At Balkinization, the symposium on Kurt Lash's "The Reconstruction Amendments: Essential Documents" is now complete.  Professor Lash has a general response.  Here are the contributions:

What is Reconstruction? by Gerard N. Magliocca

Kurt Lash and the Canons of Constitutional Law by Jack Balkin

Kurt Lash on Reconstruction (1): Defining the topic, setting the canon by Sandy Levinson

Kurt Lash on Reconstruction (2): Is the Fifteenth Amendment an Embarrassment? by Sandy Levinson

Not Too Much, Not Too Little: Frederick Douglass in Kurt Lash’s Reconstruction Volumes by Bradley Rebeiro 

What Reconstruction Demonstrates about Constitutional Change by Richard Primus 

The Reconstruction Amendments’ Canonical Texts by Darrell A.H. Miller

Embracing the Entirety; Close and Distant Reading of The Congressional Globe by Lea VanderVelde

An Unparalleled Reconstruction Political Time Machine by Christopher Green

The Continuing Value of Documentary Collections in Originalist Theory by Lee J. Strang

Originalism, Methodology, and the Reconstruction Amendments by Jennifer L. Mascott

From Professor Lash's response:

My deep and sincere thanks to Jack Balkin for hosting this symposium on “The Reconstruction Amendments: Essential Documents (2 vols.) (Kurt T. Lash, ed.) (University of Chicago Press 2021). Before responding to some of the questions and concerns raised in these remarkable essays, please allow me a moment to note how positively the reviewers responded to the collection: 

“Kurt Lash now stands alongside Max Farrand in doing extraordinary work to further constitutional knowledge by making a critical portion of our past more accessible.” (Magliocca)

 A “remarkable scholarly achievement.” (Balkin)

 A “splendid collection” and “an invaluable source of material (and insight) for anyone charged with teaching courses on the Constitution” (Levinson)

“Lash has hit the Aristotelian mean, providing just the right amount of primary material to facilitate insight into the political and constitutional complexities leading up to and engulfing the Reconstruction period. Scholars, judges, and citizens who seek to investigate the intricacies of Reconstruction will find Lash’s The Reconstruction Amendments: The Essential Documents invaluable.” (Rebeiro)

“[A]n impressive achievement: thorough, textured, and provocative.” (Primus)
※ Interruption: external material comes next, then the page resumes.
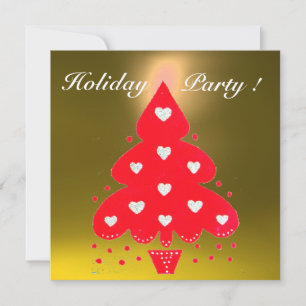 RED CHRISTMAS TREE HOLIDAY PARTY, Emerald Einladung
“Canonical Texts” presented in a “masterful two volume set . . .. Lash has produced a single, critical resource for understanding a profound moment in American constitution making—a resource that is long, long overdue. . . . Lash has produced a book that every constitutional scholar and historian needs to own.” (Miller)

“[An] Unparalleled Reconstruction Political Time Machine” that “is, without a doubt, the best single place to go in order to recapture, first-hand, the intellectual environment from which the Thirteenth, Fourteenth, and Fifteenth Amendments emerged. It deserves a place on a shelf—given its heft, a relatively sturdy shelf—of every serious student of the Constitution.  . . . [This] wonderful and amazing achievement  . . . will permanently transform the way the Reconstruction amendments are discussed and studied.” (Green)
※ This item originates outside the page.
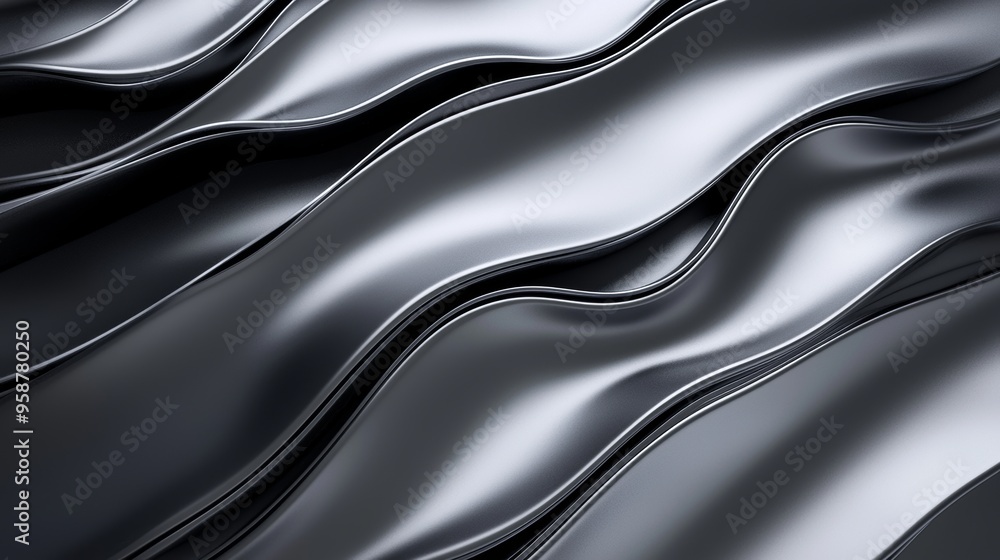 A background with smooth waves of black and silver traces, abstract, background, texture, waves, black, silver, pattern, design A background with smooth waves of black and silver traces, abstract, background, texture, waves, black, silver, pattern, design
“Lash’s volumes curate sources ranging from newspaper articles to public speeches and letters to judicial opinions and congressional debates” [and are an] “indispensable” and “critical resource for anyone who values the historical meaning of this deeply important constitutional text. . . Lash’s work should be seen as a critical resource for both jurists and academics” (Mascott) 

After ten years of toil, this kind of response is deeply gratifying.